=== Input for this task ===
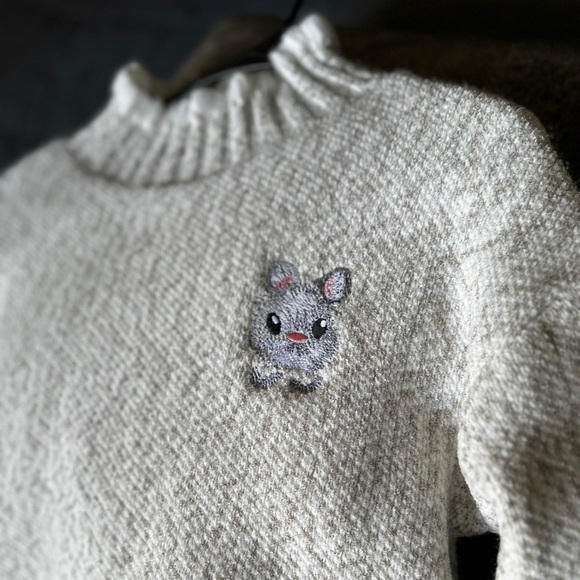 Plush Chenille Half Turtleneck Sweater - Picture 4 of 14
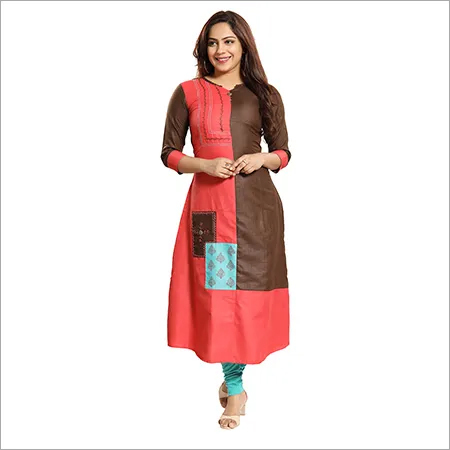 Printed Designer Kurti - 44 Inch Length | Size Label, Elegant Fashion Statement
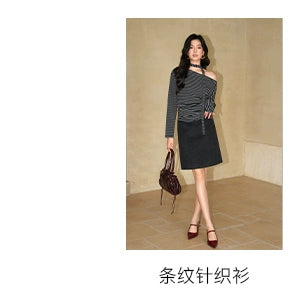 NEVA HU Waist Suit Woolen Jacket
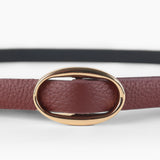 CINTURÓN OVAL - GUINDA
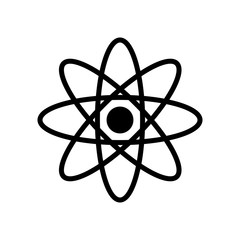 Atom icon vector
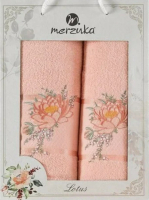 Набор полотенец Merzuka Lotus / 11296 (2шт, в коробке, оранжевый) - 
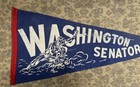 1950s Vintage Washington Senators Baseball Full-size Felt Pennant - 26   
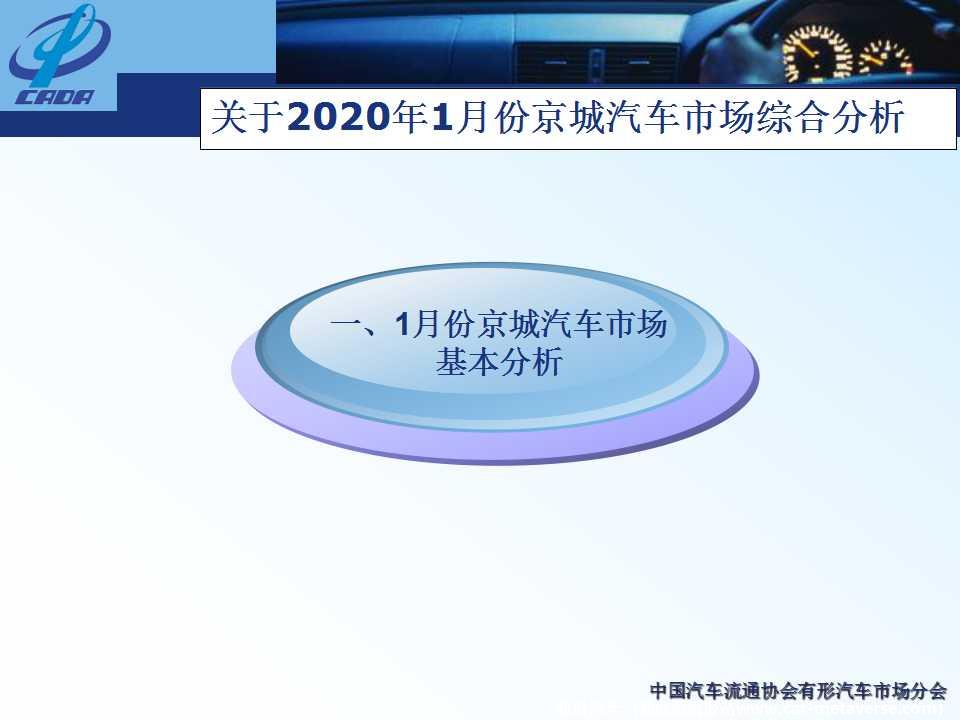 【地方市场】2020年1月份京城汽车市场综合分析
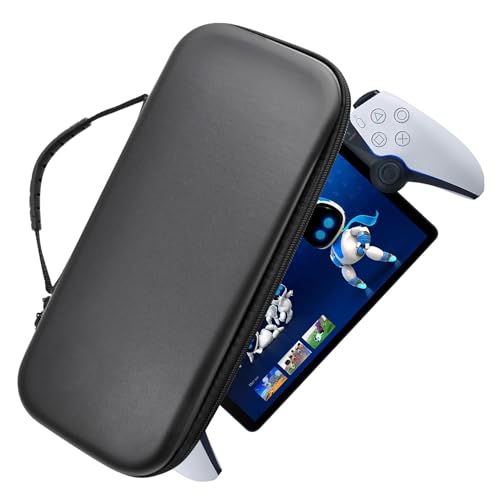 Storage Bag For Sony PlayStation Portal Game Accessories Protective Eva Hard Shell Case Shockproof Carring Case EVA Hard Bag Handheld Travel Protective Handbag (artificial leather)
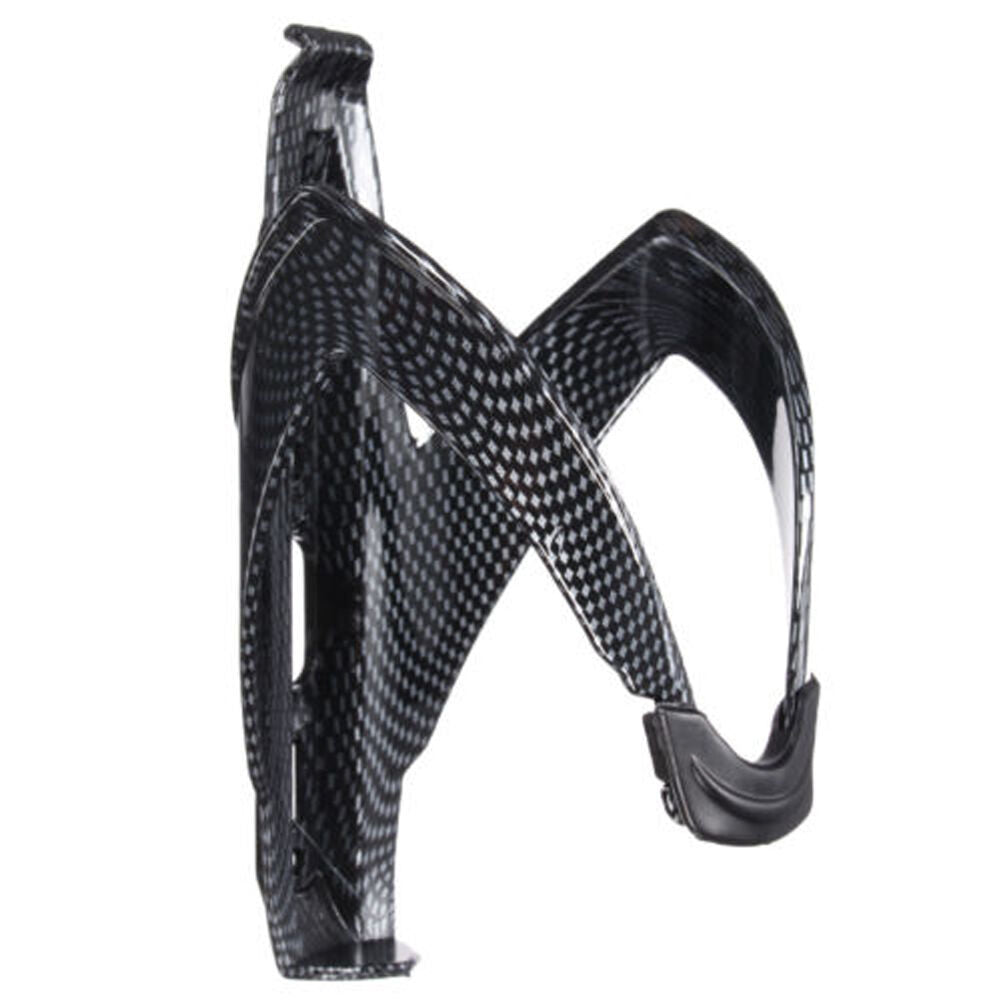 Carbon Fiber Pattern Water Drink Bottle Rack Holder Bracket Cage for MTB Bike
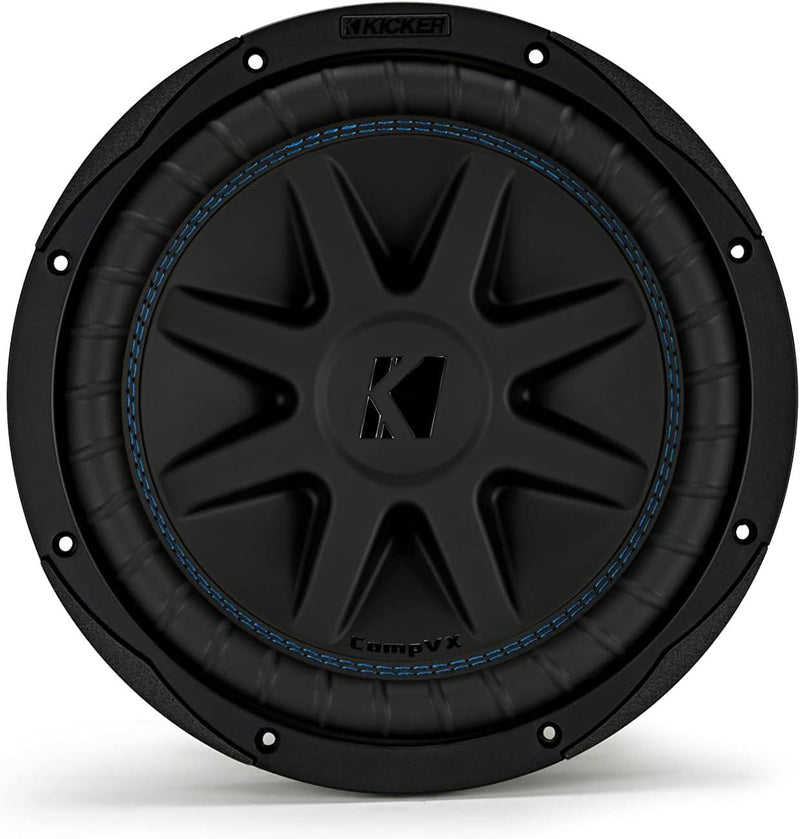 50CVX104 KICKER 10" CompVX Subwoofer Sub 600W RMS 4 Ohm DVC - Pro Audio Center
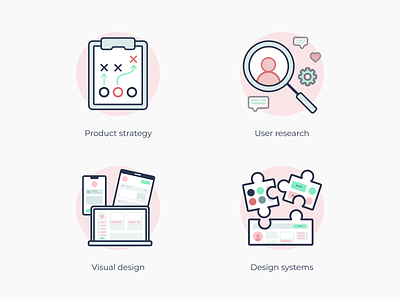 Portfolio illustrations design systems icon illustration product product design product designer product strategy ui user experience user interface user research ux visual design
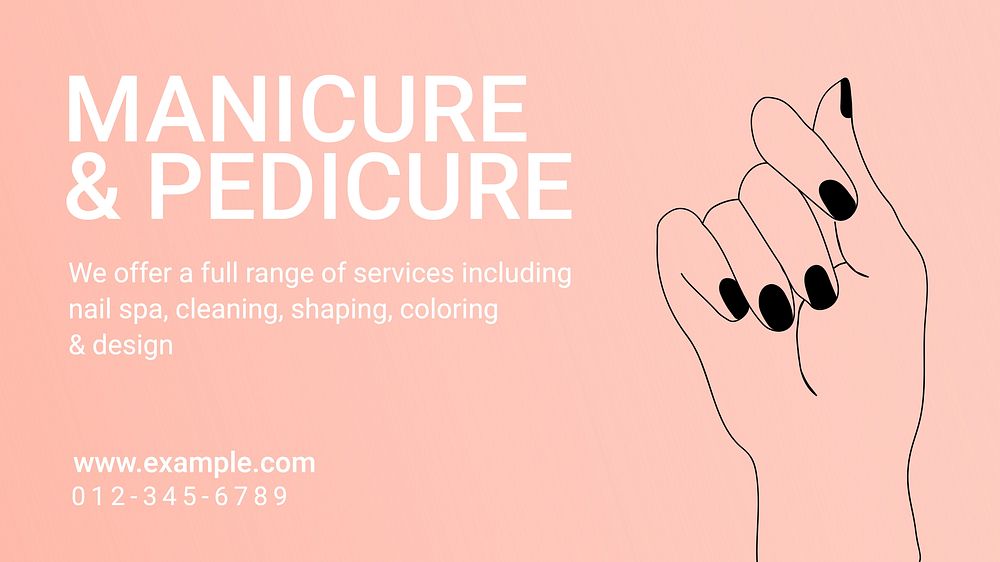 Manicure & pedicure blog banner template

=== What you need to do ===
Your task is to retype the lines running from the one that contains "Portfolio illustrations design" through the end of the records, and nothing else. Pictures are not part of the copy.

=== Answer space ===
 Portfolio illustrations design systems icon illustration product product design product designer product strategy ui user experience user interface user research ux visual design
 Manicure & pedicure blog banner template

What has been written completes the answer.